山括弧にそれ以外のものが含まれる場合は、ディレクトリ参照が実行される。
つまり、拡張子が*.plのファイル名のリストが返されることになる。

また、最悪なパターンとして、'*.pl'が定数として定義されてしまった場合、
スカラー変数を<>で囲むことになるので、グロブではなくなってしまう。


常に、
Readline my $FILE_PATTERN => '*.pl';
my @files = glob($FILE_PATTERN);
のようにする。

スリープ


組み込み関数sleepは整数の値しか対応していないが、selectの副作用を使ったスリープで1秒未満のスリープを実現しないこと。
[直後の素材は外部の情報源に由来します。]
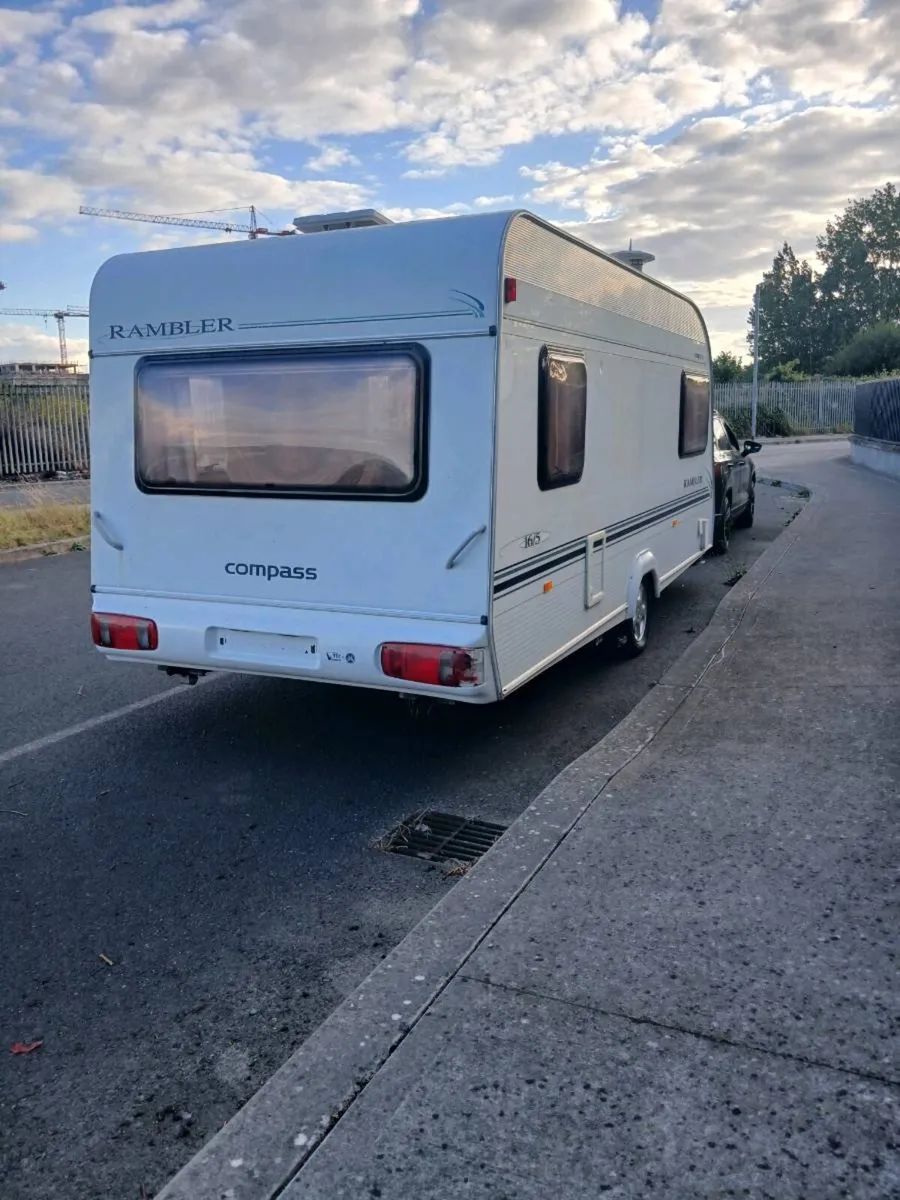 Caravan - Image 4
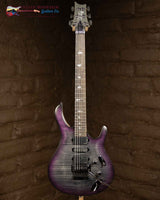 
              PRS SE Chleo Charcoal Purple Burst (New)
代わりにTime::HiRes::usleep関数を使用すること。
Time::HiRes::usleep関数を使用できない場合に、selectを使用する場合はサブルーチンでカプセル化すること。
ただし、サブルーチン呼び出しのオーバヘッドでわずかだか正確さに影響がでる。(気にしなくていい程度らしいが)

mapとgrep


mapとgrepの式は、常にブロック{}で囲むこと。そうしないと、後に続くリストと区別がつきにくくなる。

ユーティリティ 組み込みでない関数を使用する


次の3つのモジュールには便利な関数が複数存在する。


  1. Scalar::Util

  2. List::Util

  3. List::MoreUtils



詳しくは紹介しないけれど、first,reduce,apply,uniqなどがよく使いそう。